This is more than not responding, beyond ignoring: he refuses to engage at all. He doesn’t even look at them. As if there were no group of eager men buzzing around him with their demand for judgment, their mean and callous trap—he writes in the sand.
Much ink has been spilled speculating what Jesus wrote in that sand, but the Gospel writer has made a clear choice not to tell us. His disciples would have seen what he wrote, but the words are left out here. This should move our attention to the specific act itself. What is Jesus doing? He actively refuses to discuss, to argue—to engage in any way with their cruel game.
To respond, to discuss the woman at all would be to play the same callous game of treating her as an object rather than to see her as a person. To the Pharisees, she is a handy item to bait their trap, no more important in herself than a piece of cheese used to bait a mousetrap. There’s not even a genuine indignation at sin here, no thirst for justice: they grabbed the woman but let the man go. Deuteronomic law specifically states that both the man and the woman involved in adultery should be put to death. Sincere horror at sin would have brought them both in for justice. Knowing Jesus’ treatment of women, they are trying to either make him openly flout the law or deny his own calls for love, compassion and forgiveness. This woman is the perfect tool.

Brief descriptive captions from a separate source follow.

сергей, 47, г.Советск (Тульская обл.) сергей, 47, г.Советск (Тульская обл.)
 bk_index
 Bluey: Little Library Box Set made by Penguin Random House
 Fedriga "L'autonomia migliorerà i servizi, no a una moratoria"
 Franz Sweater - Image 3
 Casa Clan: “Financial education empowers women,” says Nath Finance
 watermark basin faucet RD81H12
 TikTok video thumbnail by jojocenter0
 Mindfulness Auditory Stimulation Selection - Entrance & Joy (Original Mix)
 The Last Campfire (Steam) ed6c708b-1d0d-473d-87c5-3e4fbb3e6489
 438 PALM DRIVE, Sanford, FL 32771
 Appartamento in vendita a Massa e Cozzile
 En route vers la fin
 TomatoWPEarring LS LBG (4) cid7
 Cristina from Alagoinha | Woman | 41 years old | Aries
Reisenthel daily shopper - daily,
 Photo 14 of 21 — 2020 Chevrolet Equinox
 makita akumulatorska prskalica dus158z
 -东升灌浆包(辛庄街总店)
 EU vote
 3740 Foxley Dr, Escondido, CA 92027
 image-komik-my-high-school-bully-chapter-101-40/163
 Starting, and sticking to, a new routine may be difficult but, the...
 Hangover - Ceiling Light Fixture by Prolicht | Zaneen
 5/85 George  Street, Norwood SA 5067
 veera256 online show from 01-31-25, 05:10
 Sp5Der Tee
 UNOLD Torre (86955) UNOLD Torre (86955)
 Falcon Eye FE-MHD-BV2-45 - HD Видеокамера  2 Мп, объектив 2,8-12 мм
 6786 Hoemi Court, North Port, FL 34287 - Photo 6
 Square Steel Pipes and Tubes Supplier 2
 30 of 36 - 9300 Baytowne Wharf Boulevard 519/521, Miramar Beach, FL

Jesus utterly refuses to play the game. Instead, he drops a bomb. “Let the one among you who is without sin cast the first stone”.
Rocks drop. Feet shuffle. The trap is turned: the accusers become the ones who are shamed.
Now Jesus is free to do the only thing he is interested in doing: He looks at her. He speaks directly to her. He frees her from shame, restores her to dignity and gives her a new beginning, a new chance.
God is not interested in entering into the judgment game, so often fueled by ego with its fear, its hatred of self and other. God does not ever view any living soul as an object. God is only interested in seeing, speaking to the person. To me. To you. To the woman frozen in fear and shame left standing before him on the stone pavement of the Temple.
Jesus does not condemn her. He does not even demand expressions of repentance. He sets her free—and sets the possibility of putting the sin behind her and starting anew.
Important message for today: We can depend utterly on God. To see us—to insist on seeing us. In God’s eyes our sins and weaknesses never determine who we are. Neither do the accusers—outside of us or within our own psyche—determine who we are. And nothing, no one, can make us an object to be dismissed. God always beholds us an infinitely beloved daughter or son. We are seen, we are cherished, we are upheld and we are free.
Perhaps our challenge for the rest of Lent is to so fully absorb and learn to rest in this immensity of love that we are free to extend the same grace to ourselves and to the other people around us, and to all the world. We don’t have to throw stones at anyone—not even ourselves. We are free to drop them.